By Deborah Jeanne Sergeant

A variety of jams grace the shelves at Our Lady of Victory Farm Co-op Store.
A variety of jams grace the shelves at Our Lady of Victory Farm Co-op Store.

Meeting Lucille Laws at her farm in Victory, Cayuga County, makes it pretty tough to believe she was a dyed-in-the-wool city slicker from New York City a decade ago. Now operating Our Lady of Victory Farm, the 54-year-old looks pretty comfortable in jeans and muck boots.

Laws’ transition away from the city started when her daughter, Cassie, became ill. Laws felt that much of the reason behind the girl’s poor health lay in the environment in which she and her husband, Charles, were rearing their youngsters. She believes that city life and eating food that was so far removed from its sources had a lot to do with why Cassie fell sick.

As Charles also struggled with health, Laws wanted to find some way of making a living while staying home to care for him and in a place that would help her daughter recover. The couple bought a 25-acre former dairy farm in Victory because farming seemed to meet all their needs.
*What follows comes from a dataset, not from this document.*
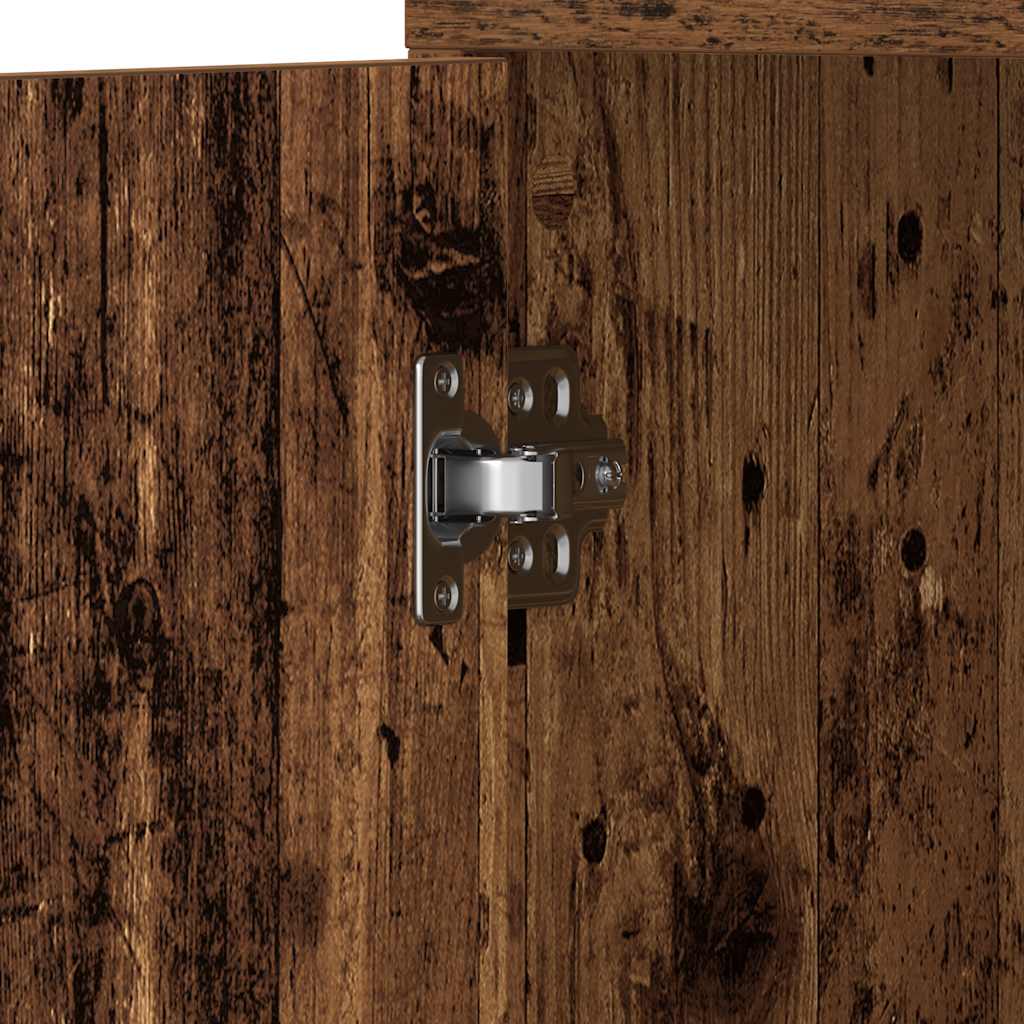 Mobile da Bagno Legno Antico 30x30x183,5 cm in Legno tecnico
Laws looks back at her lack of knowledge and laughs now, but it wasn’t very funny when she started out. Several people gave her animals to help her get the farm going despite her limited knowledge of farming.
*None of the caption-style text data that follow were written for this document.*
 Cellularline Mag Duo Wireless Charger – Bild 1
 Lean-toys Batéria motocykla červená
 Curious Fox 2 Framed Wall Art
Helpful neighbors and Cornell Cooperative Extension workshops have helped her learn how to take care of her animals, which now include 24 head of beef, three sows and their piglets, a flock of chickens, ducks, a goat and more. Just as Laws doesn’t represent a typical farmer who grew up in the profession, misfits seem to find a welcoming home at Our Lady of Victory. They include Lucy, a calf rejected by its mother who now roams the farm like a puppy, One-Eyed Sy, an unfortunate cat, and a donkey no one wanted.

Whenever she encounters a farm quandary, she doesn’t hesitate to ask others. Or, she lives up to her nickname, “Mrs. Google” and searches online for answers.
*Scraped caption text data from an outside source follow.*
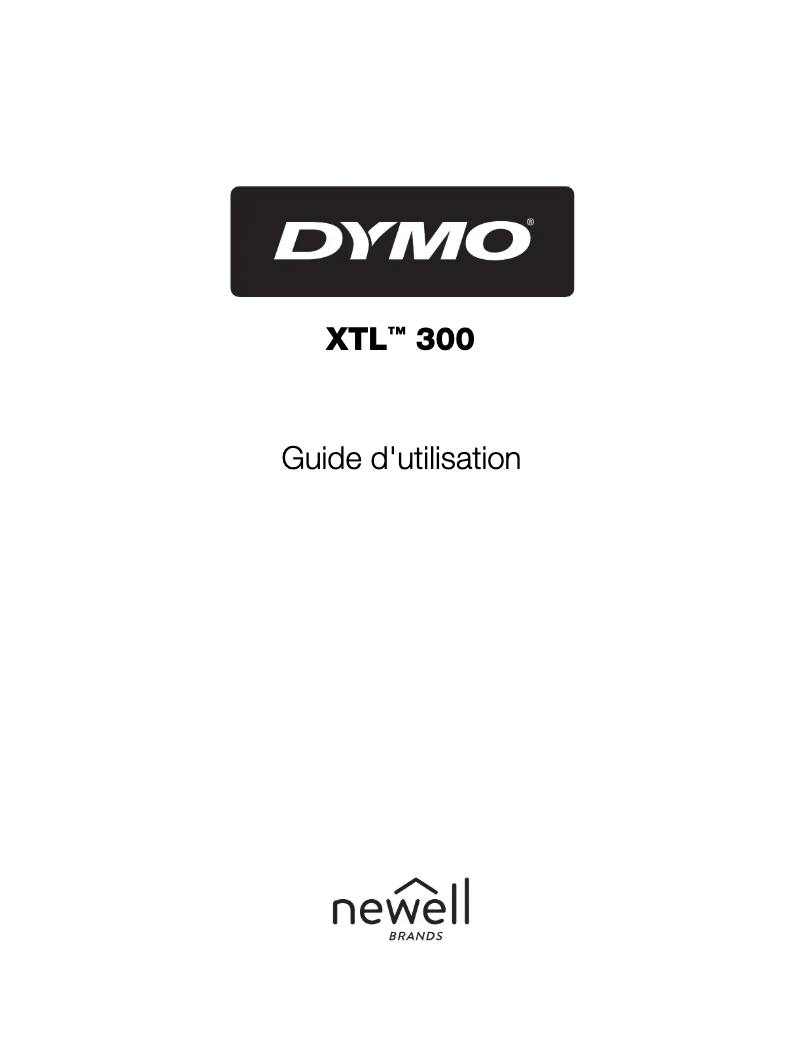 Page 1 de la notice Manuel utilisateur Dymo LabelManager XTL 300
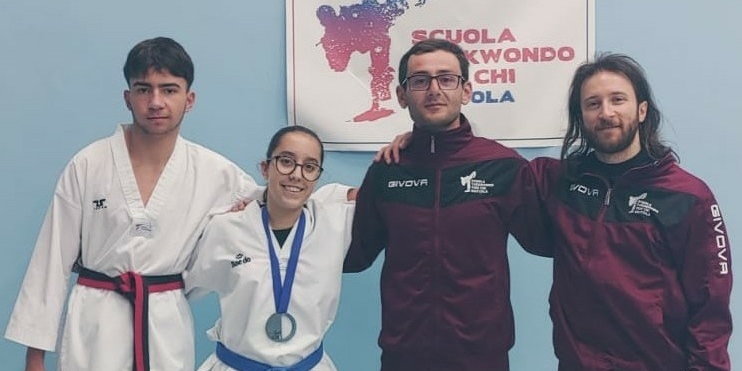 Taekwondo, due argenti regionali per la scuola Yom Chi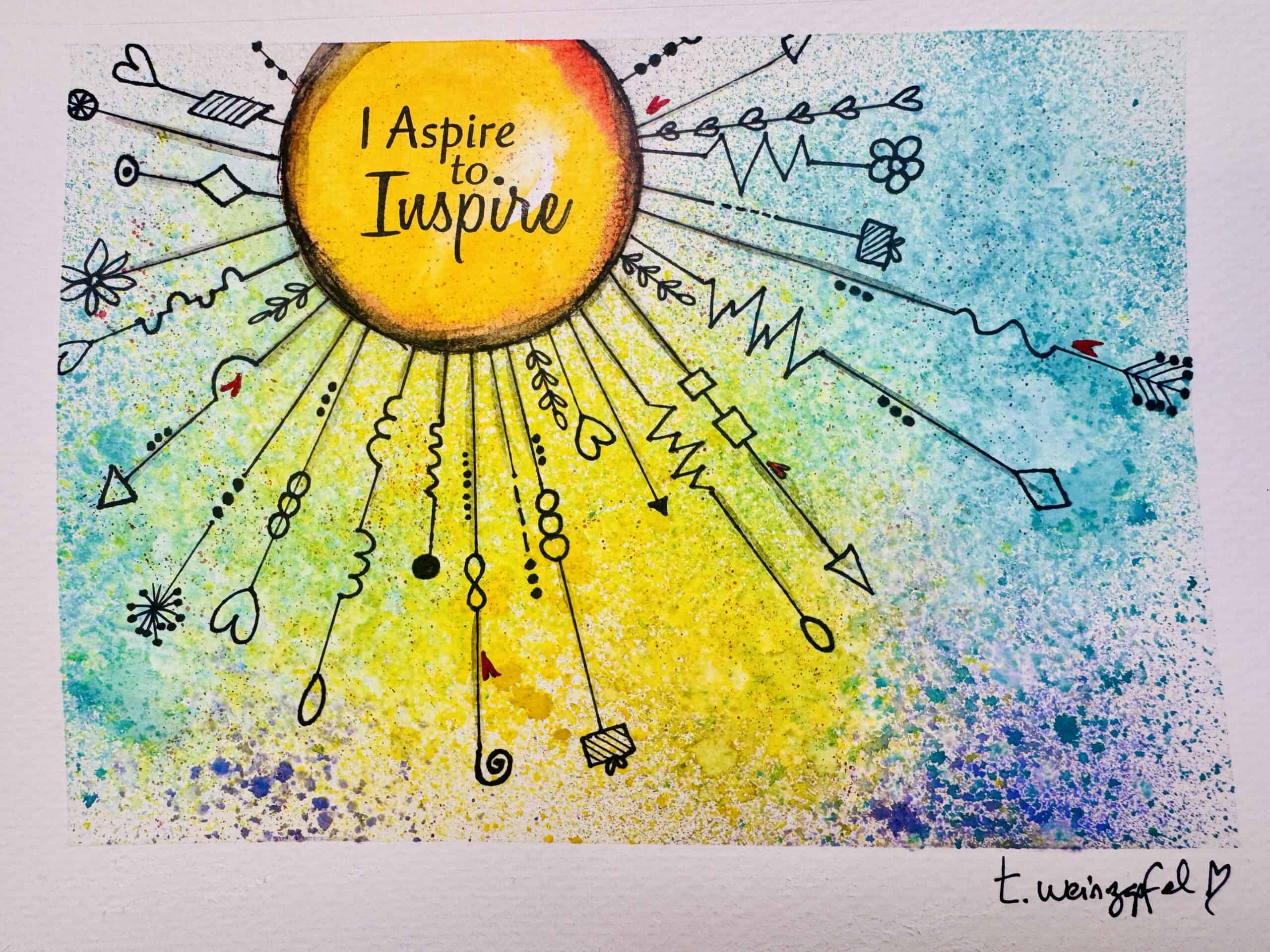 sunburst mixed media art tutorial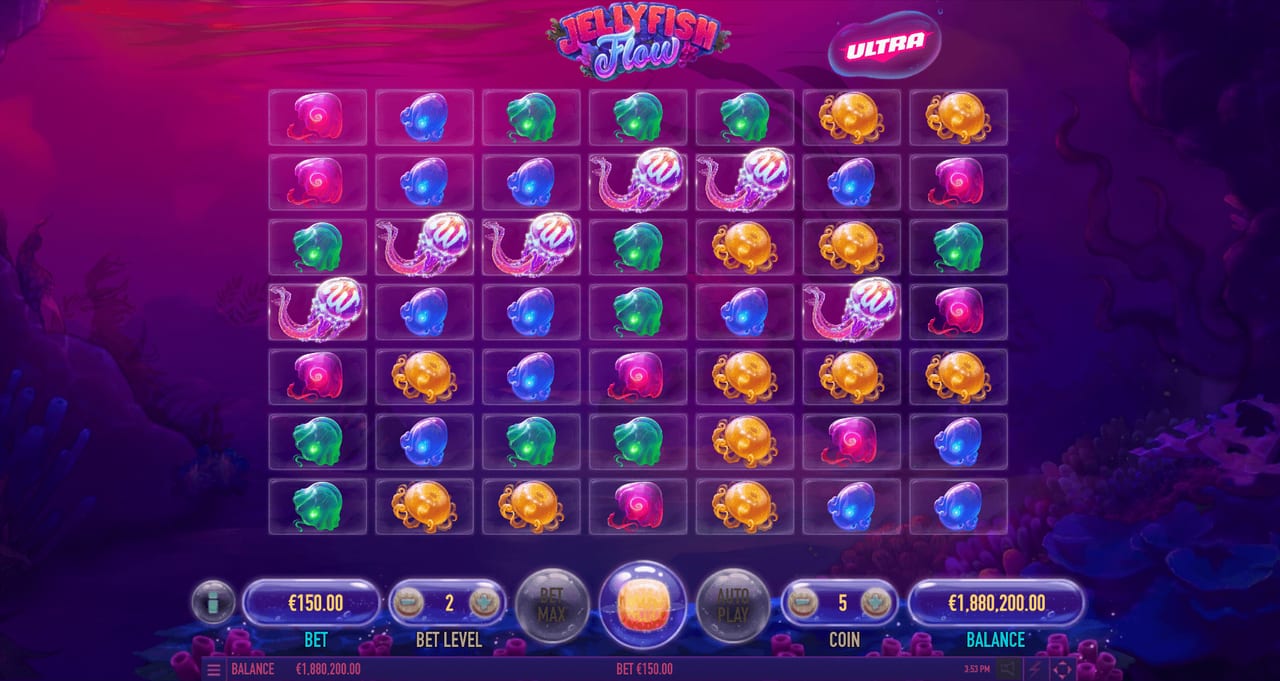 Jellyfish Flow Ultra — Скріншоти з гри 7 | GamblingShot
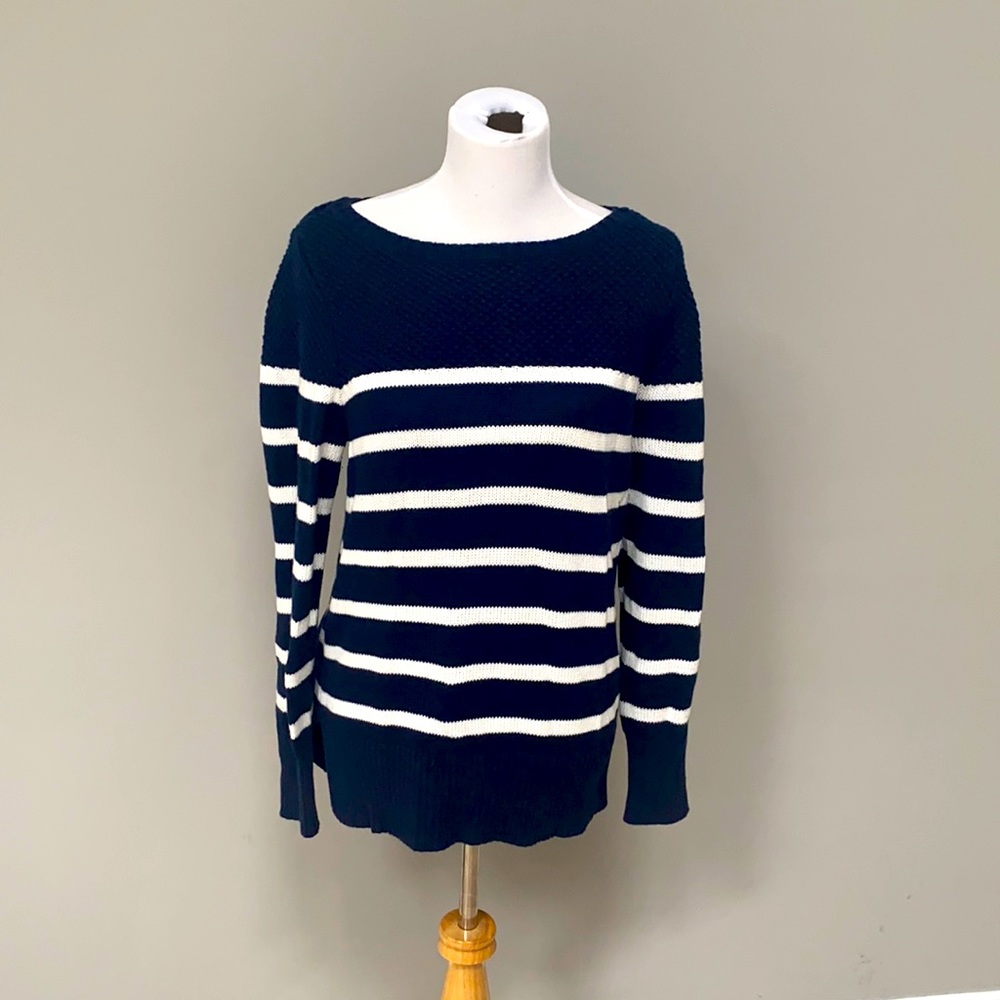 ⚠️flash sale⚠️ Navy & White Sweater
Laws partners with Becky Burger, her neighbor and friend who owns 200 acres. When Laws’ husband experienced a rough patch in his health, Burger took Laws’ pigs to her farm, Horeb Farm, which helped decrease the chores on the farm. Though Charles is doing better, Laws and Burger agreed to continue the arrangement since Burger’s farm is well suited to raising pigs.

Locally-made soap and other bath products are part of the wares at Our Lady of Victory Farm Co-op Store.
Locally-made soap and other bath products are part of the wares at Our Lady of Victory Farm Co-op Store.

Laws raises nearly all the family’s food. Their daughter, Cassie, moved back to the farm to help care for her father and the farm. The women pasture their Angus beef and pigs and eschew antibiotics and hormones to grow a natural product.

The birds live freerange, which Laws feels provides them with a happier, healthier life and produces more nutritious meat and eggs.

The farm is doing well enough that Laws opened a Our Lady of Victory Co-op Store on the property June 17. Using a 20-by-20-foot renovated building on the farm, she offers products from local farms, including maple syrup, honey, bath products and her own freezer beef and pork.

“This is what made America great and what will make it great again,” Laws said.

A devout Catholic, Laws credits God with her ability to undertake a farm and store, especially considering her lack of knowledge about agriculture. She had worked in the restaurant industry for many years and understands operating business; however, raising crops and animals represents an entirely different effort.

“I have a great devotion to the blessed mother and feel she has prayed and interceded for me,” Laws said. “God gave my husband another chance. He was never supposed to walk and he had 28 more years of walking.”

She hopes that her farm will help people return to eating more natural, locally raised foods.